8Le caractère du paysage resta le même jusqu’à notre arrivée à St Martin (appelé Sallanches sur les cartes10) ; les montagnes devenaient constamment plus hautes, révélant à chaque tournant de la route davantage de sommets escarpés, des étendues de forêts plus vastes et plus élevées, des recoins plus sombres et plus profonds.
9Le lendemain matin, nous nous rendîmes de St Martin à Chamouni sur des mulets, accompagnés par deux guides. Nous voyageâmes, comme nous l’avions fait la veille, le long de la vallée de l’Arve, vallée entourée de tous côtés par d’immenses montagnes dont les précipices accidentés s’entremêlent en hauteur avec de la neige étincelante. Leurs bases étaient toujours couvertes des forêts éternelles, qui constamment s’assombrissaient et devenaient plus profondes à mesure que nous gagnions l’intérieur de la région montagneuse.
10En arrivant à un petit village, à une distance d’une lieue de St Martin, nous mîmes pied à terre et fûmes amenés par nos guides jusqu’à une cascade11. Nous contemplâmes une immense masse d’eau qui tombait de deux cent cinquante pieds, rebondissant de roc en roc et projetant de fines gouttelettes qui formaient une brume autour d’elle, au centre de laquelle était suspendue une multitude d’arcs-en-ciel, qui disparaissaient ou prenaient des teintes incroyablement vives si les rayons capricieux du soleil traversaient les nuages. Quand nous en approchâmes, l’humidité de la brume nous atteignit et nos vêtements furent mouillés par les particules d’eau nombreuses mais minuscules. La cataracte tombait d’en haut dans un profond abîme escarpé à nos pieds, où, troquant sa nature de torrent contre celle d’un ruisseau montagneux, elle poursuivait sa course vers l’Arve, rugissant sur les rochers qui contrariaient son parcours.

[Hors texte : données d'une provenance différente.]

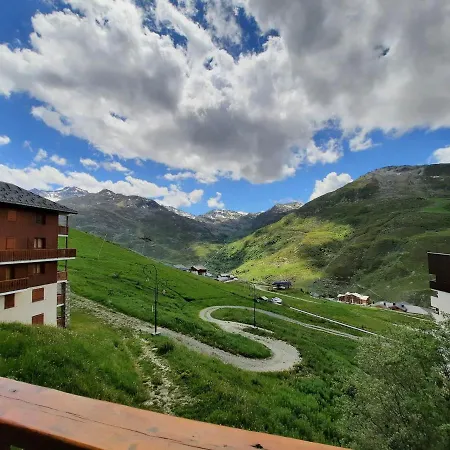 8-10 Pers, Balcons, Proche Commerces, Pied Des Pistes - Reberty 1850, Les Menuires - Fr-1-452-92 Apartment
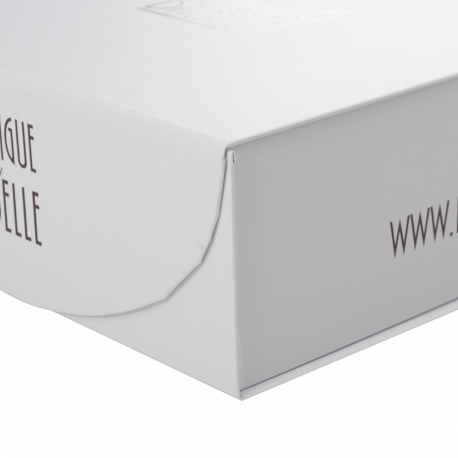 Printed Luxury Magnetic Close Cake Boxes with Spot UV Ref. Babelle Printed Luxury Magnetic Close Cake Boxes with Spot UV Ref. Babelle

11Comme nous avancions, notre route passait toujours par la vallée, ou plutôt le vaste ravin qu’elle était alors devenue, qui est à la fois le lit et l’origine de la terrible Arve. Nous montions, serpentant entre des montagnes dont l’immensité ébranle l’imagination12. Nous croisâmes le chemin d’un torrent, qui trois jours auparavant était né de la fonte des neiges et avait arraché la route.

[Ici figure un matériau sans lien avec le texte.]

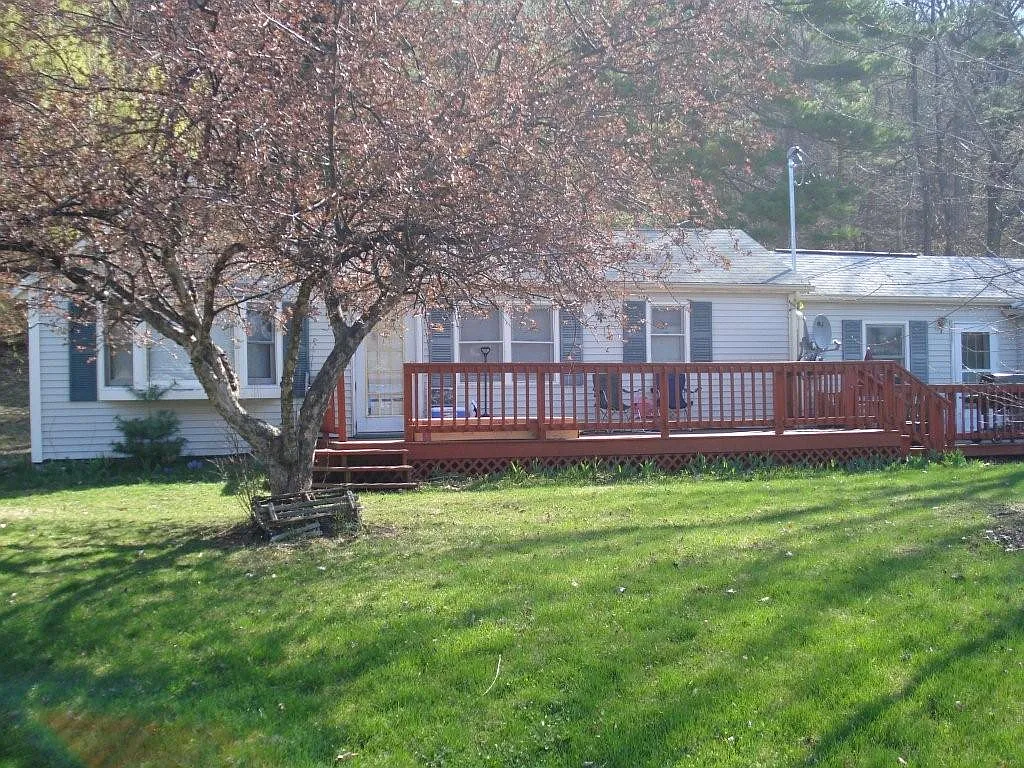 225 Bean Rd — Photo 1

12Nous déjeunâmes à Servoz, petit village où se trouvent des mines de plomb et de cuivre, et où nous vîmes un cabinet de curiosités naturelles comme ceux de Keswick13 et de Bethgelert14. Dans ce cabinet, nous vîmes des cornes de chamois et les cornes d’un animal excessivement rare appelé le bouquetin, qui habite les déserts de neige au sud du Mont Blanc. C’est un animal de la famille du cerf ; sa corne pèse au moins vingt-sept livres anglaises. Il est inimaginable qu’un animal si petit puisse supporter un poids aussi démesuré. Les cornes sont d’une forme très particulière, larges, massives, et pointues aux extrémités, et elles sont entourées d’un certain nombre d’anneaux qui sont censés indiquer l’âge de l’animal ; il y avait dix-sept anneaux sur les plus grandes de ces cornes.

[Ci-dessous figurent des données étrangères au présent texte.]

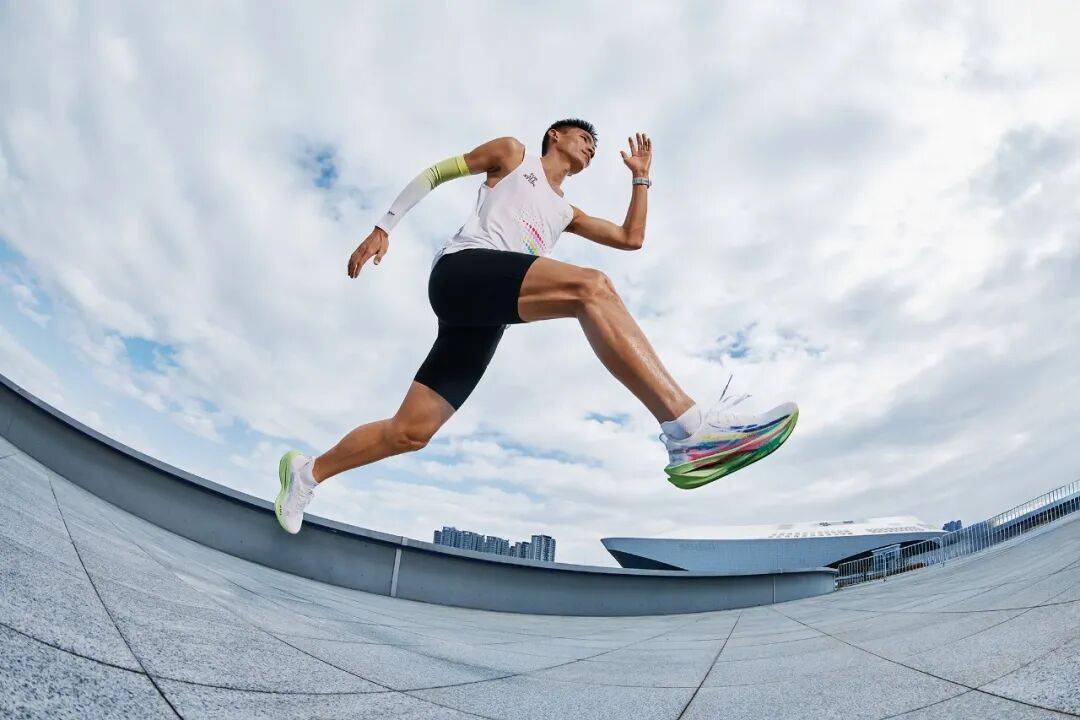 kaiyun-中国马拉松跨入&amp;quot;205时代&amp;quot;背后，一款跑鞋的二十年押注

13Depuis Servoz, il reste trois lieues à parcourir pour rejoindre Chamouni15. Le Mont Blanc était devant nous – les Alpes, avec leurs innombrables glaciers dans les hauteurs tout autour, qui se refermaient sur les lacets tortueux de cette seule vallée – des forêts à la beauté indicible, mais majestueuse, hêtres et pins et chênes entremêlés, projetaient leur ombre sur notre route ou reculaient, tandis que des pelouses d’un vert que je n’ai jamais vu auparavant occupaient ces espaces, et s’assombrissaient peu à peu en s’éloignant. Le Mont Blanc était devant nous, mais il était recouvert de nuages ; sa base, sillonnée de fossés effrayants, était visible en hauteur. Des pitons enneigés d’une blancheur insoutenable, qui appartenaient à la chaîne du Mont Blanc, brillaient à intervalles entre les nuages au-dessus de nous. Je ne savais pas – je n’imaginais pas ce qu’était une montagne avant cet instant. L’immensité de ces sommets aériens suscitait, quand ils s’offraient soudain à la vue, un sentiment d’émerveillement extatique non loin de la folie. Et souvenez-vous que tout cela ne constituait qu’une seule scène16, qui s’imposait à notre regard et à notre imagination. Bien qu’elle occupât un espace immense, les pyramides enneigées qui s’élançaient dans le ciel d’un bleu lumineux semblaient surplomber notre chemin ; le ravin couvert de pins gigantesques, aux noires profondeurs en-dessous, si profond que le rugissement même de l’indomptable Arve, qui le traversait, ne pouvait être entendu de là où nous étions – tout cela nous appartenait autant que si nous avions créé dans l’esprit d’autrui des impressions semblables à celles qui occupaient maintenant le nôtre. La nature était le poète qui nous étourdissait par l’harmonie la plus divine.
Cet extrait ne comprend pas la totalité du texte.